Die Chamber Soloists Lucerne (Yang Jing, Pipa, Thüring Bräm, Komponist und Pianist, Jürg Eichenberger, Violoncello) folgten im August 2006 einer Einladung des renommierten japanischen Komponisten Minoru Miki an das „Hokuto International Music Festival“. Die Konzerte in Otsuka, Obu und Hokuto wurde von japanischer Seite vollumfänglich finanziert.

Tagebuchnotizen von Jürg Eichenberger

Montag, 14. August 2006
Nach 12’000 km japanisches Festland in Sicht! Die ersten Inseln erscheinen, und wir landen nach 15 Stunden Flug auf dem Kansai-Airport (Kan-ku) in Osaka.
Das Visa-Problem wird durch unsere Pipaspielerin Yang Jing elegant gelöst. „Wir sind Touristen und besuchen das Awa Dance Festival in Tokushima. Kein Problem, hay,hay arrigato godsaimaschta (ja, ja, danke schön). Auf der Herrentoilette Beethovens Klaviersonate „Appassionata“. Wir sind begeistert!

Eine über vierstündige Busfahrt führt uns der Küste entlang auf die Halbinsel Shikoku, nach Tokushima. Südliche Wärme schlägt uns entgegen. Der Komponist Minoru Miki und seine Frau erwarten uns im Clement Hotel. Die ganze Stadt ist vom Tanzfieber wie elektrisiert.
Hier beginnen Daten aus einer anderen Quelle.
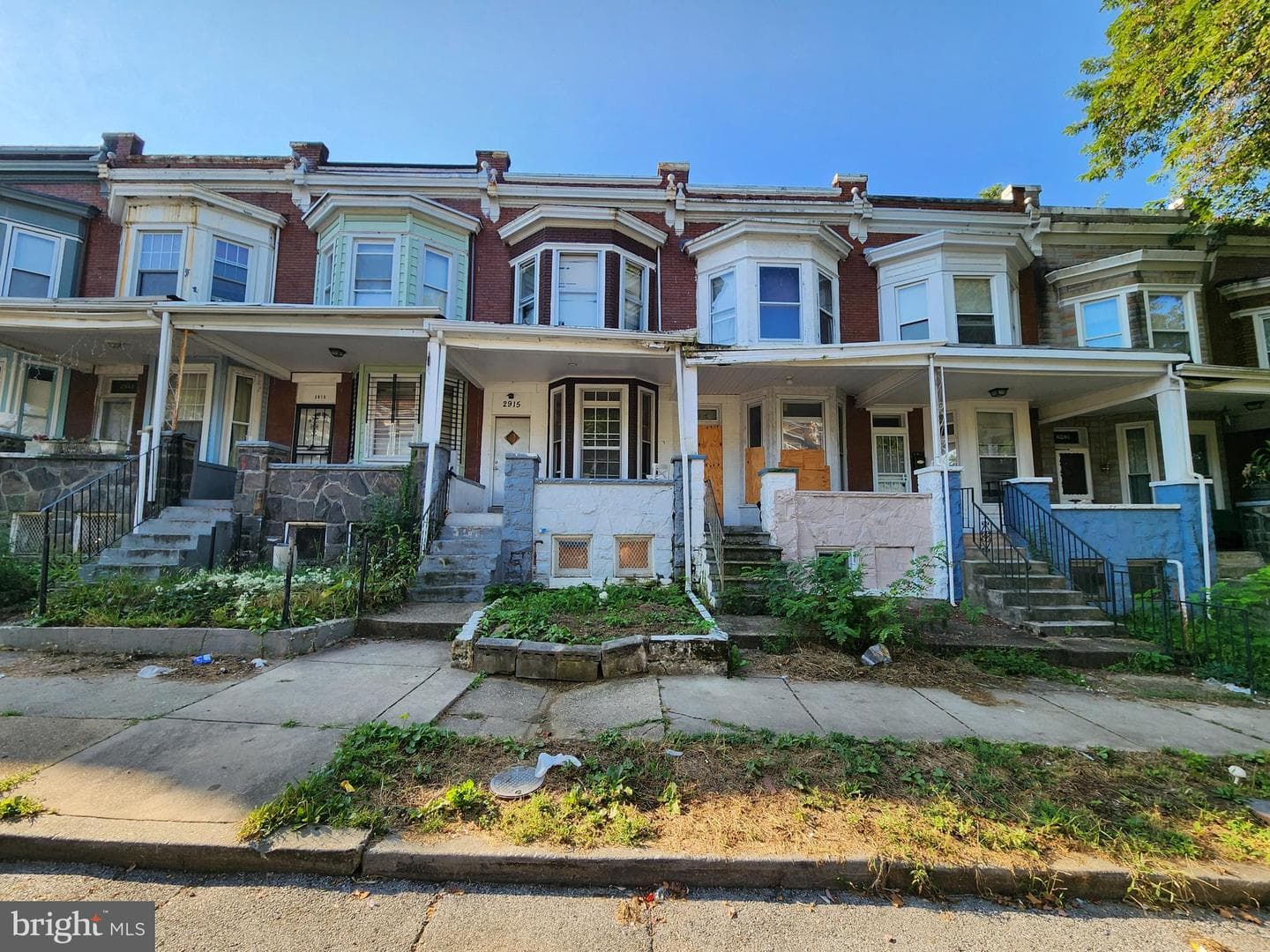 2915 W Mosher Street, Baltimore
Um 16.00 sind wir als Gäste eingeladen, einer ausgewählten Awa Dance Performance (Awa Odori) im Tokushima Cultural Center beizuwohnen. Ein kostümiertes Bewegungs- und Farbenspiel par exellence.
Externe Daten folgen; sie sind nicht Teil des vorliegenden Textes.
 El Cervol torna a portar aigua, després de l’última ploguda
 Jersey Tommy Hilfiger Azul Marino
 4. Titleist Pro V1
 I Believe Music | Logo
Am Abend Einladung von Mr. Takahara zu einem traditionellen japanischen Nachtessen (Miso soup, Sushi, Saschimi etc.) mit den CSL, den Mikis und Mitgliedern der Tokushima Koto-Gruppe (japanische Harfe). Im Anschluss ausgelassener Tanz mit Fächer (gegen die Hitze) an der Awa Dance Prozession in der Stadt.

Dienstag, 15. August 2006
Fahrt zum Otsuka Guest Hotel (traditionelles japanisches Hotel) in Naruto. Es steht vis à vis vom Otsuka International Museum und liegt direkt am pazifischen Ozean.
Von 14.00 bis 16.00 Probe in der Sistina Hall des Museums: Einzueins-Abbild der Sixtinischen Kapelle von Michelangelo.
17.00 Konzert mit Werken von Bach, Fauré, Bräm, Miki, Beethoven und Trioarrangements für Pipa, Violoncello und Klavier. Eine Standing Ovation und ein vor Begeisterung tanzendes Publikum. Wo erlebt man so etwas? Das Bühnengeschenk: ein Awa Dance T-Shirt!
Am Abend sind Ehrenplätze reserviert via „Tokushima News Paper“ auf der Haupttribüne in Tokushima City für die Awa Dance Hauptprozession. Die traditionellen Gewänder, die Klänge und Rhythmen der Instrumente, der Farbenreichtum und die natürliche Beweglichkeit und Ausgelassenheit der sonst sehr zurückhaltenden Japaner geht uns allen unter die Haut.

Mittwoch, 16. August 2006
Freier Tag im Otsuka Guest Hotel.
Besuch des Otsuka International Museum. Spezialität: Bilder der grössten Maler unserer Kulturgeschichte von den Anfängen bis in die Gegenwart sind mit einem speziellen fototechnischen Verfahren in Form von Keramikplatten im Massstab 1:1 wiedergegeben. Die Perfektion der Kopie begeistert. Eine fantastische Bildung für die Menschen an Ort und Stelle.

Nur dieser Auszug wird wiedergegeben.